The Star Sydney has faced significant regulatory scrutiny in recent months. The casino was separately fined $7.2 million earlier this year for a series of compliance failures covering gambling practices and financial crime controls. That matter is distinct from this one, but it contributes to a broader picture of an operator under ongoing pressure to meet its obligations.
Banks, Credit Cards, and a $164,000 Debt
The financial side of this case extends well beyond the casino floor. The man believes a significant portion of his losses was funded through credit cards he says he should never have been approved for. With the support of a financial counsellor, he is now disputing approximately $164,000 in debt across four National Australia Bank credit cards through the Australian Financial Complaints Authority.

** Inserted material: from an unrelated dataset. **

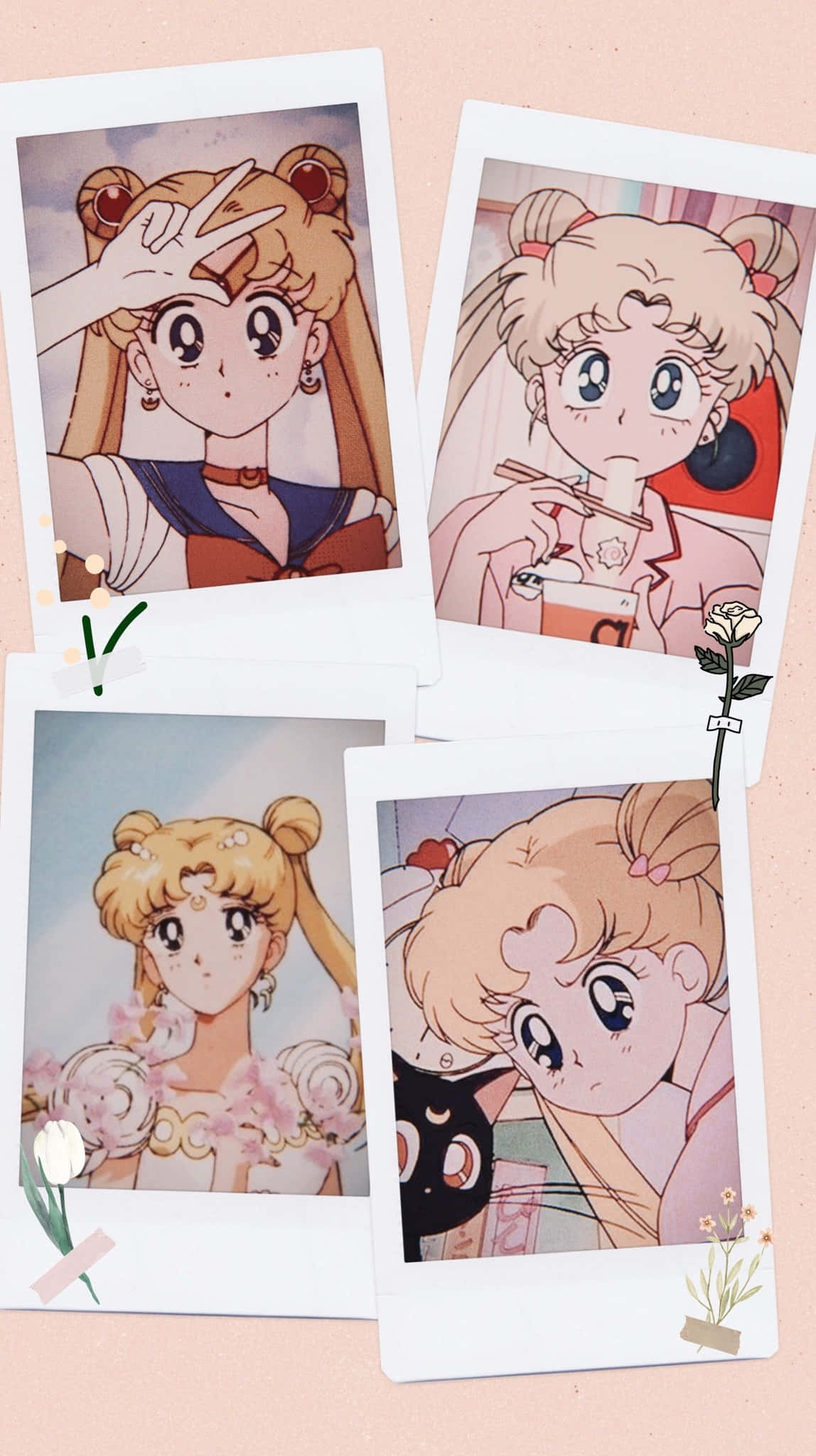 Sailor Moon, Polaroid-style photos, pastel pink surface, Full HD Phone Wallpaper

His argument is not that the banks caused his gambling problem. He contends that credit approved during a period of escalating gambling spend should have triggered scrutiny rather than sign-off. It is a gap worth examining: financial institutions hold transaction data that can signal vulnerability, and this case asks whether they bear any duty to act on it.
The question connects directly to the wider conversation around gambling harm Australia has been having for several years. From advertising restrictions to affordability checks, the pressure to build more protection into the system has been building across multiple fronts. Mandatory pre-commitment tools on poker machines are one piece of that push, and cases like this one add weight to the argument that more is needed.
“More Needs to Be Done”
The man does not absolve himself of responsibility. He acknowledges that he made the decisions to gamble and to use credit to fund those decisions. But he argues that acknowledgement does not remove the duty of care from the institutions around him. Operators had the data. Banks had the transactions. Regulators had the framework. And still, nothing stopped.
His call is simple: more needs to be done to protect people who are visibly in trouble. Not after a complaint. Not after the money is gone. Earlier, and with more urgency than the current system requires. Whether policymakers respond to cases like his is another matter, but the gaps he describes are real and they are not unique to him.